New web-series about being queer

The Icelandic National Broadcasting Service, RÚV, has launched a new web series about being queer.

Ingileif, on the right, got the idea for the snapchat account two years ago and she and her fiancée, María Rut Kristinsdóttir gathered a lot of people to tell their stories on snapchat.

The series are called Hinseginleikinn – Everyday Queer – and it’s creator and host is Ingileif Friðriksdóttir, which bases the concept of the series on the hugely popular snapchat account Hinseginleikinn, where queer people of every kind tell their stories. The purpose of the series is to counteract stereotypes and show the diversity of the queer community.

“I got the idea for the snapchat account two years ago and me and my fiancée, María Rut Kristinsdóttir, gathered lots of people to tell their stories on snapchat,” Ingileif explains. “Already there have been over 300 people snapping about their stories, but I felt that we needed to expand to reach more viewers and contacted RUV and sold them the idea.”

“We try to be on a cheerful note in the series. And I think that everyone who wants to know more about queerness can find some answers to their questions there.”

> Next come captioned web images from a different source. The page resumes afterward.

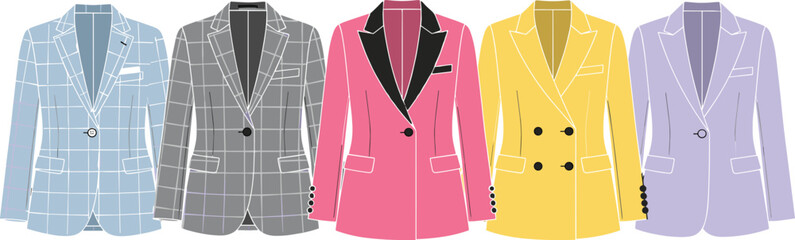 Flat vector illustration set of white pearls in open seashells featuring navy blue peach and pink shell designs with sparkles © Creative design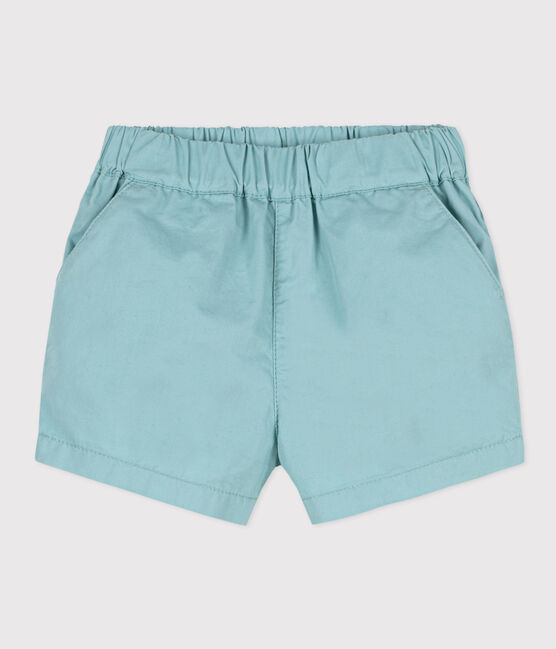 Shorts de sarga para bebé verde BOB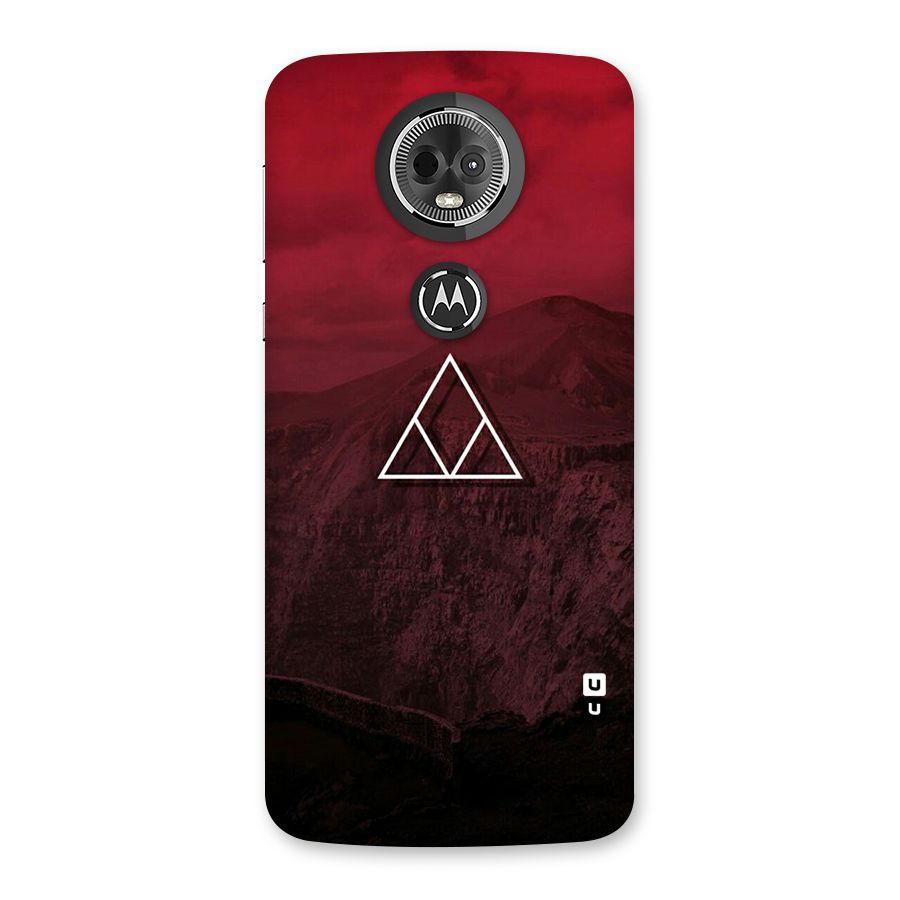 Red Hills Back Case for Moto E5 Plus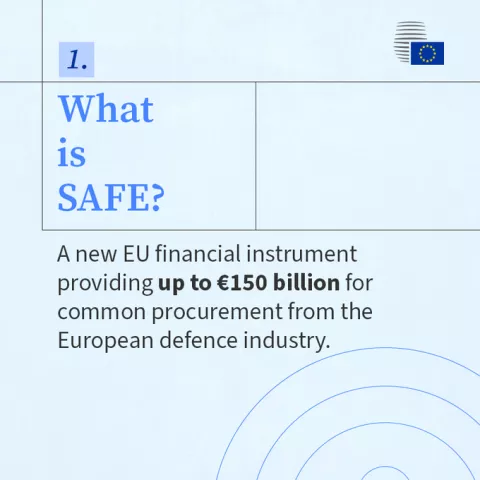 BRUXELLES, 27. svibnja 2025. (Hina) - Vijeće EU-a izglasalo je u utorak uspostavu fonda od 150 milijardi eura za zajedničku nabavu naoružanja.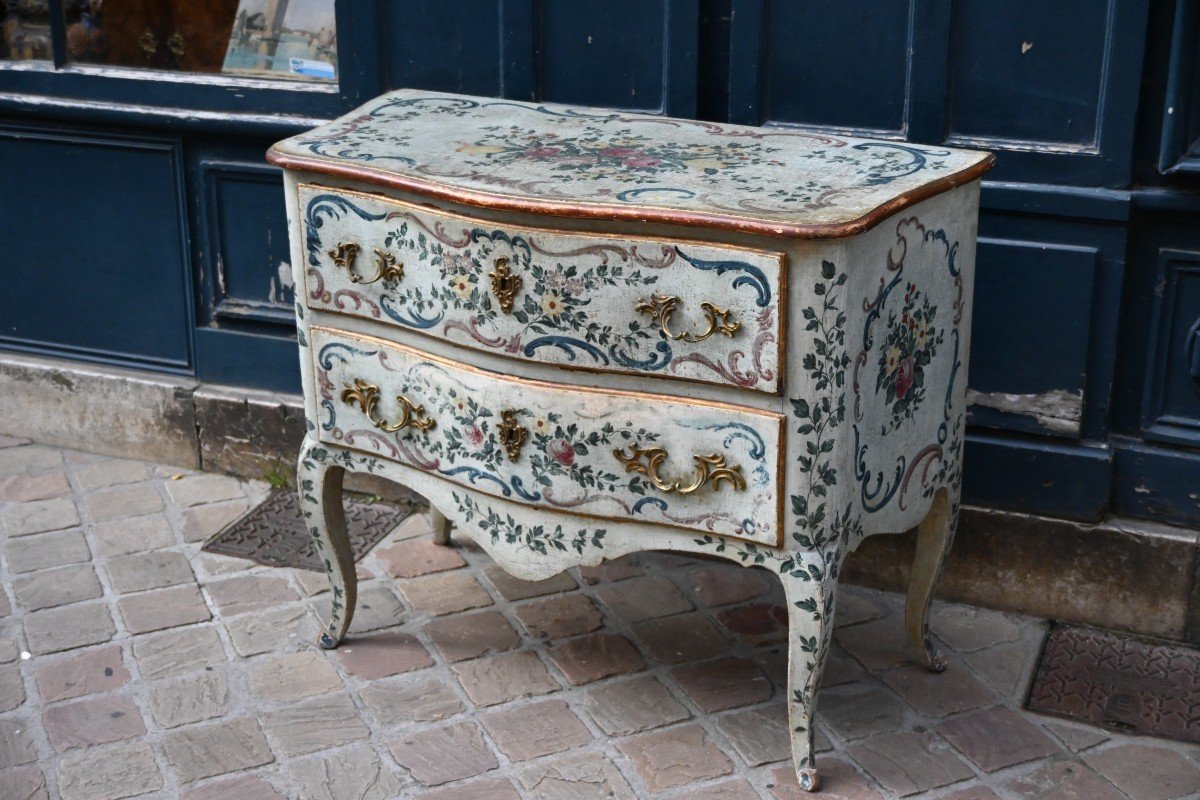 Commode Peinte Italie XVIII  Gênes-photo-4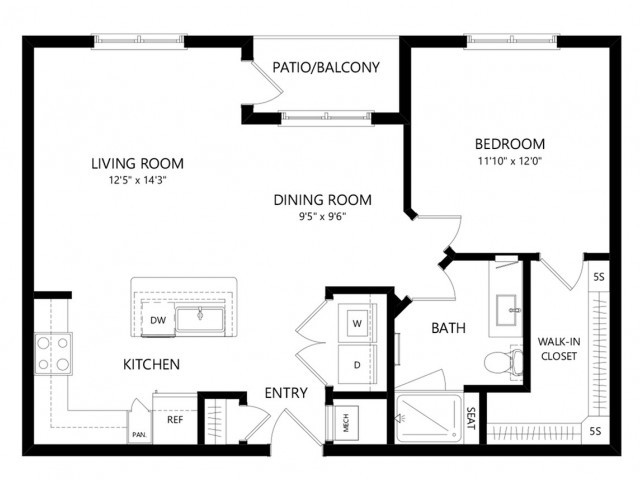 A5A floor plan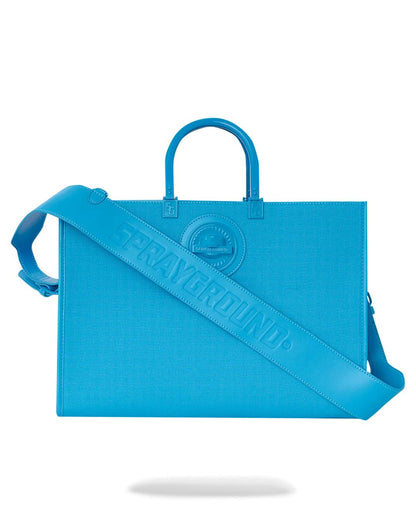 Sprayground Featured | HEAVY METAL SHARK BLUE TORTUGA TOTE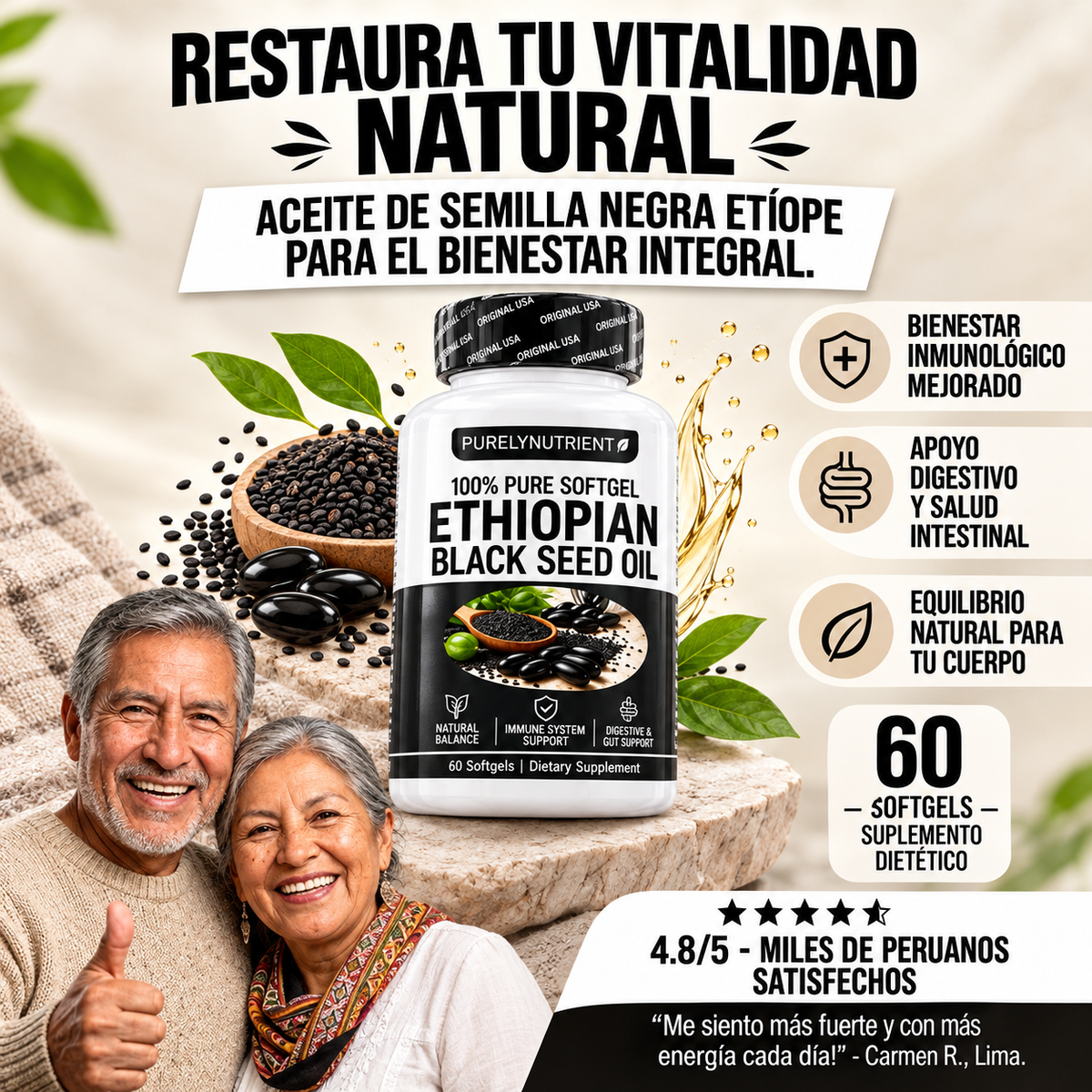 ACEITE ETÍOPE DE SEMILLA NEGRA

The first episode was launched on RUV´s website, ruv.is, on Thursday March 9th and already more than 30.000 viewers have watched it. Ingileif is obviously very happy with the reception.
“Yes, it has gotten a remarkable reaction,” she says. “Even though the snapchat account has been popular, we have gotten thousands of views for each story, I felt that snapchat is such a closed bubble that it was necessary to make these stories accessible in another format. And judging by how well the first episode was received I was right.”

The subject of the first episode was homosexuality and stereotypes, which, according to Ingileif, were the main reason she came up with the idea in the first place.
“There are these deep-rooted stereotypes about gays and lesbians,” she sighs. “In all the movies and tv-shows we hardly ever see homosexual people represented as they are. I mean no disrespect to the people who identify with those stereotypes, but it is frustrating to see how little they vary, and that they have not changed for ages! Queer people come in all shapes and sizes and the purpose of the series is to show the diversity of the people in our community.”

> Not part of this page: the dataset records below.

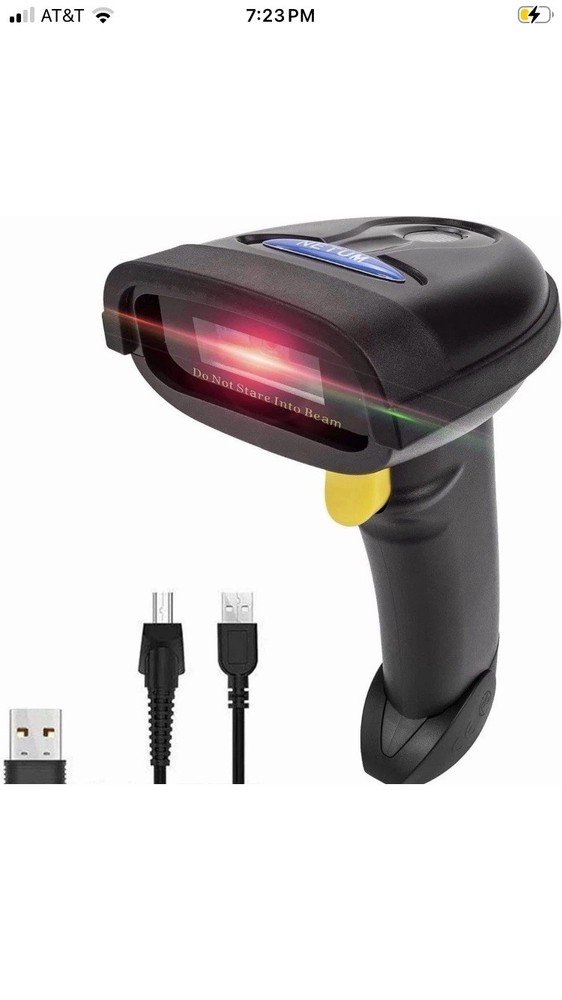 NETUM Bluetooth Barcode Scanner Wireless USB CCD 1D Reader NT-1228BC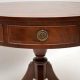 Buy! Vintage Leather Top Drum Table: Collectible & Stylish | Vintage Treasures: Discover Rare Antiques, Collectibles & Retro Finds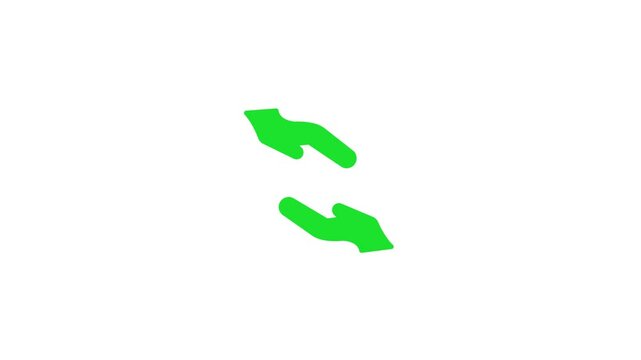 Ramadan Sadaqah icon sign. 4k video white background.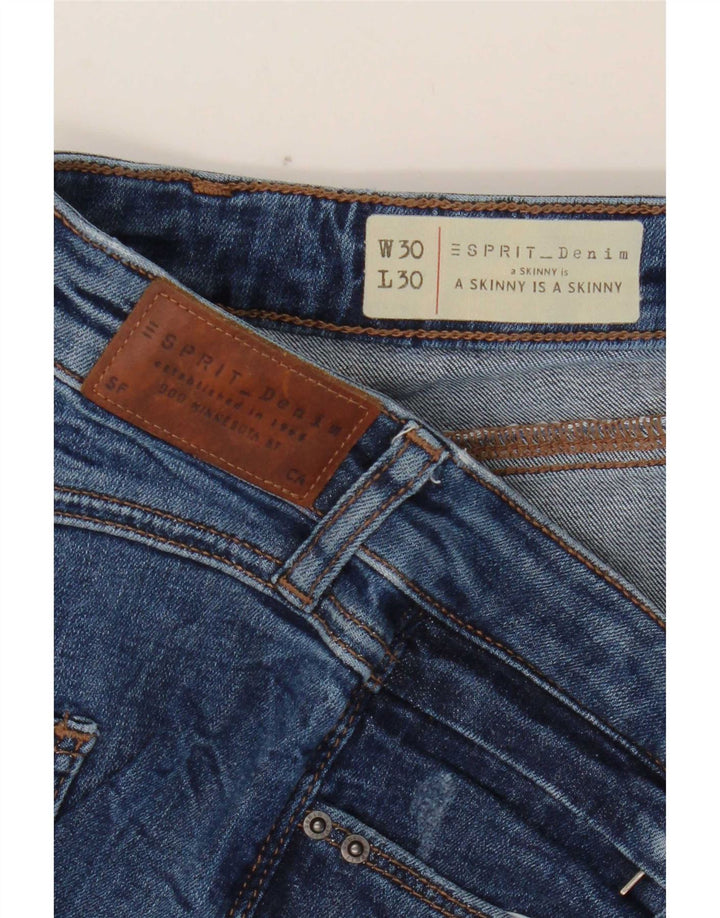 Calça jeans skinny feminina Esprit W30 L30 azul algodão
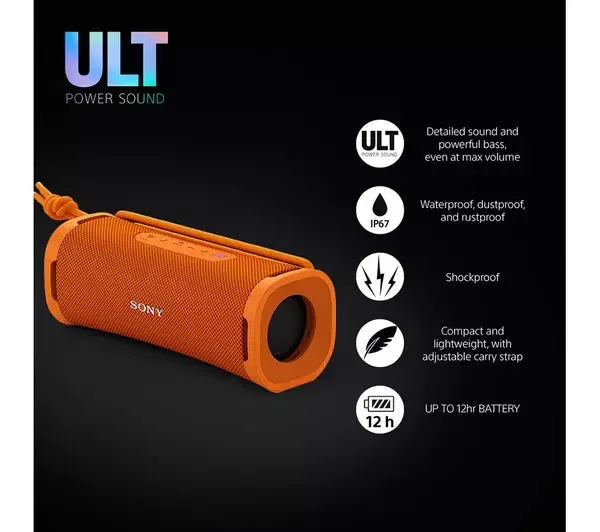 Sony ULT FIELD 1 Wireless Bluetooth Portable Speaker SRSULT10D Orange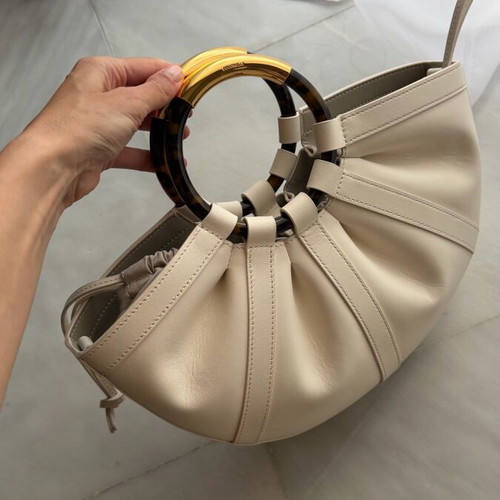Coccinelle Shell crossbody bag new, white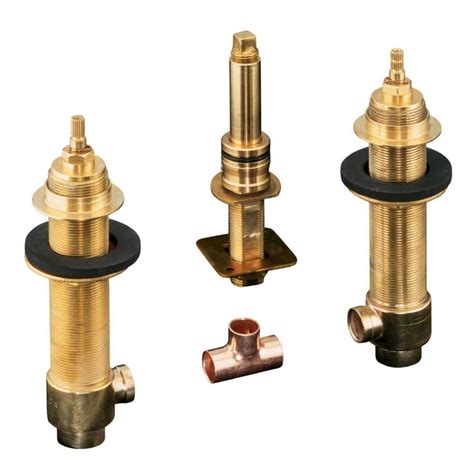 Shop Kohler 8 In L 12 In Brass Wall Faucet Valve At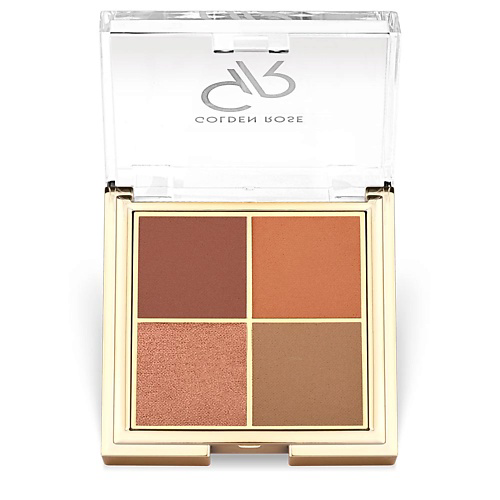 GOLDEN ROSE Тени для век QUATTRO eyeshadow palette #1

María Rut and Ingileif and their son.

Ingileif says that both herself and her fiancée came out relatively late, mainly because they could not identify with the stereotypical lesbians shown in the media. She hopes that the series will help young people who are coming out to find queer people they can identify with.
“We saw these stereotypes of lesbians in the media and decided that we could not be lesbians because we were not like that. I think that notion is more common than we know of with young people who are discovering their true selves and it is important for them to know that being queer is not some fixed image.”

The second episode  aired on March the 15th and it’s topic were trans people. Later episodes will discuss what it means to be intersex, non-binary, bisexual, pansexual and asexual. In each episode people from each group will tell their stories and in addition to that the series will search answers to various questions regarding what it means to be queer. The target group is young people, but Ingileif says that hopefully the series are entertaining and educating for all age groups.

“We try to be on a cheerful note in the series,” she says. “And I think that everyone who wants to know more about queerness can find some answers to their questions there. Most people on snapchat are fifteen years old or older and most queer people start figuring out their queerness long before that age. That was one of the reasons I wanted to make these series, to reach a younger audience than we can on the snapchat account. Hopefully we have reached them with those web series.”

The show is already a hit.

The series are in Icelandic but Ingileif hopes one day they will be subtitled in English to “spread the word to the world”, as she puts it.
“I know of foreign people who have watched the first episode and really enjoyed it, even though they didn’t understand what was said. So that’s always an option!”